Hayatın hangi sayfasını çevirsek Yarım kalan bir heves var kursağımızda
Ne zaman derdimi diyecek olsam…
Onun dertlerini düşündüm…
Sustum…
Bir zamanlar bu haldeymişiz… “Zenginlik cepte değil yürekte olsun” dermişiz… Dostmuşuz… Dinlermişiz… Az konuşup çok düşünürmüşüz… Kelimelerimizi rüzgâra savurmak için değil, ama kalplerde biriktirmek için kullanırmışız… Ama değişmişiz… Çok değişmişiz… Kalp yerine rüzgârı seçmişiz… O yüzden de elde avuçta ne kadar kelime varsa savurmuşuz… Ve sonunda kaybolmuşuz…
Denende dursak mı ?
“Kendimize kim olduğumuzu hatırlatmak için hepimizin aynalara ihtiyacı var…” diyende… Çünkü geç kaldık gibi… Biraz kendimize… En çok da birbirimize…
Haklısınız, aynı şeyleri konuşuyoruz…
Tekrarlarımızı tekrar edip duruyoruz…
Nazan Bekiroğlu’nun molasındayım o yüzden… Ne mi diyorum ? “Siz gidin, ben çok yorgunum... Konuşacak çok şey, yürünecek çok yol var... Oysa ben çok yorgunum...” Biliyorum, siz de aynısınız… Yorgunsunuz ! İzlediklerinizden, gördüklerinizden, dinlediklerinizden, yaşadıklarınızdan…
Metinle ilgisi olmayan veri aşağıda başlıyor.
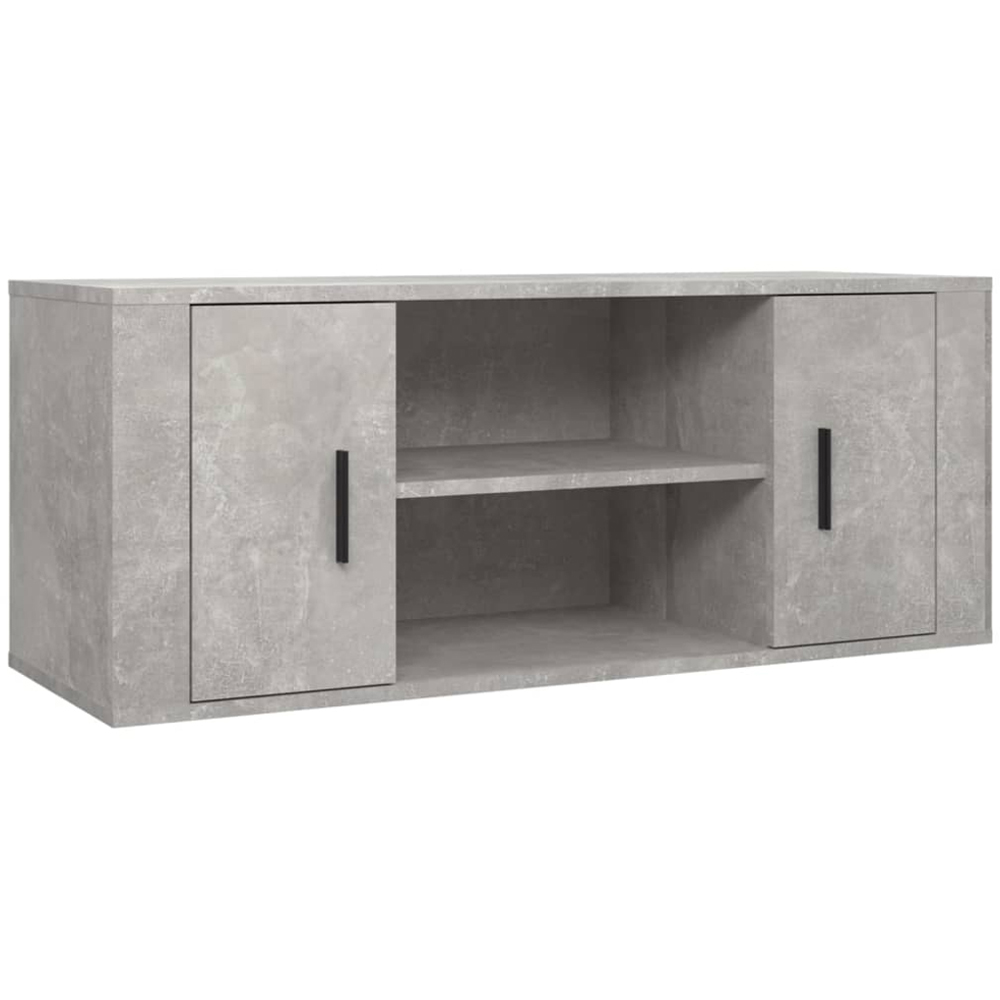 vidaXL 2 Door 2 Shelf Concrete Grey TV Cabinet Image 2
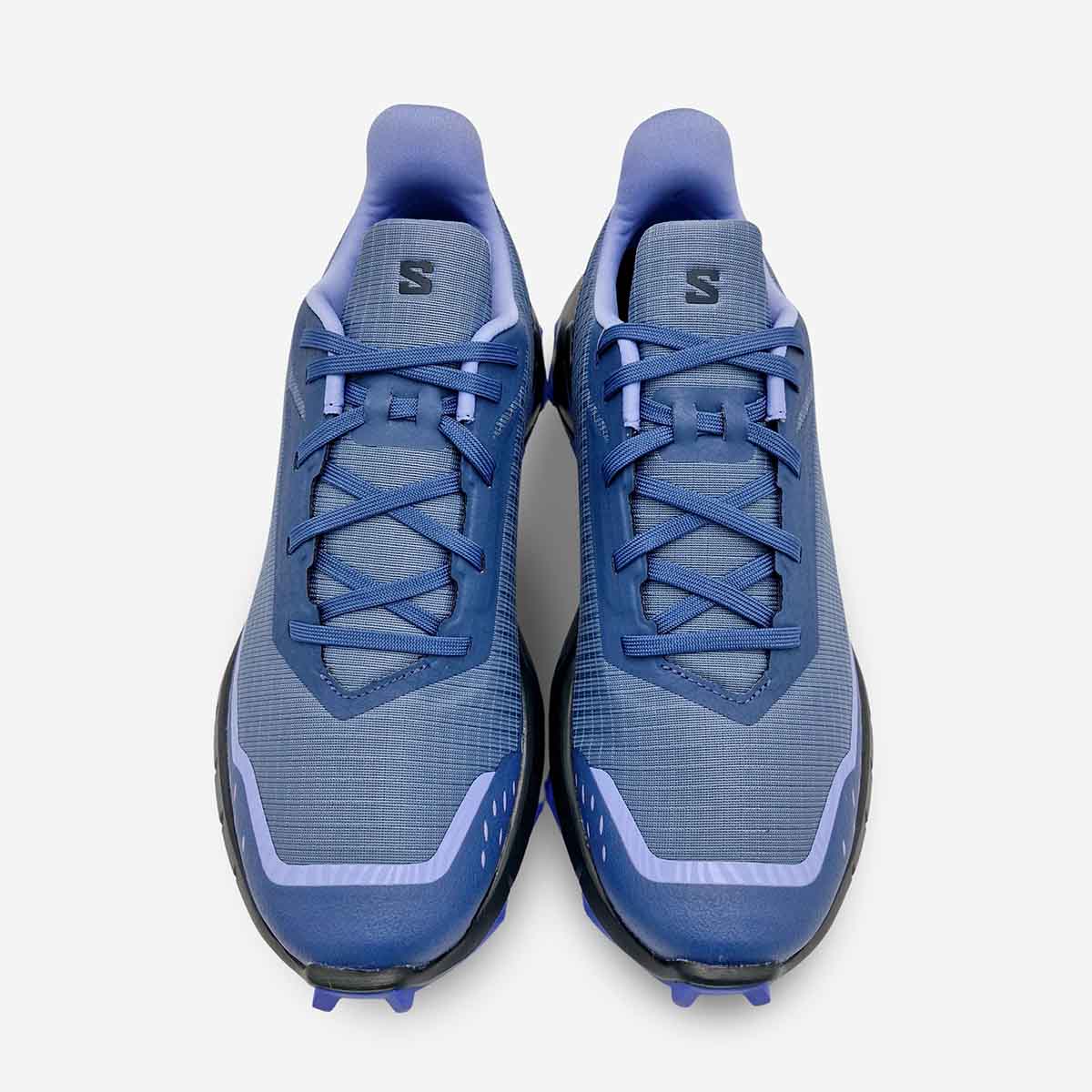 Salomon Womens Alphacross 5 Shoes In Bering Sea/Carbon/Blue Heron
Bizi SUSTUĞUMUZDA seven bir ülkede yaşamanın yorgunluğu mu bu ? Kelimelerini köşeye sıkıştıran bir coğrafyada ÖZGÜRCE konuşmanın maliyetinde durmanın sıkıntısı mı bu ? Yoksa daha mı fazlası ?
Sindirilen bedenlerin kaybolan ruhlarını aradığı bir memlekette nefes alıp vermenin kolay olmadığını bildiğimden soruyorum aslında… Biraz da, ağzını her açtığında tüm Anadolu’yu yutacak gibi görünen bir Ankara’ya sahip olmanın ağırlığını sizlerle paylaşmak için…
Peki, sonu ne olur bu hallerimizin ?
Bekleyişlerimizin sonu ne şekilde biter ?
Sustunuz…
Ama haklısınız…
Cevap ne olur ben de bilmiyorum…
Bilsem, kendime ha bire labirentler çizmezdim…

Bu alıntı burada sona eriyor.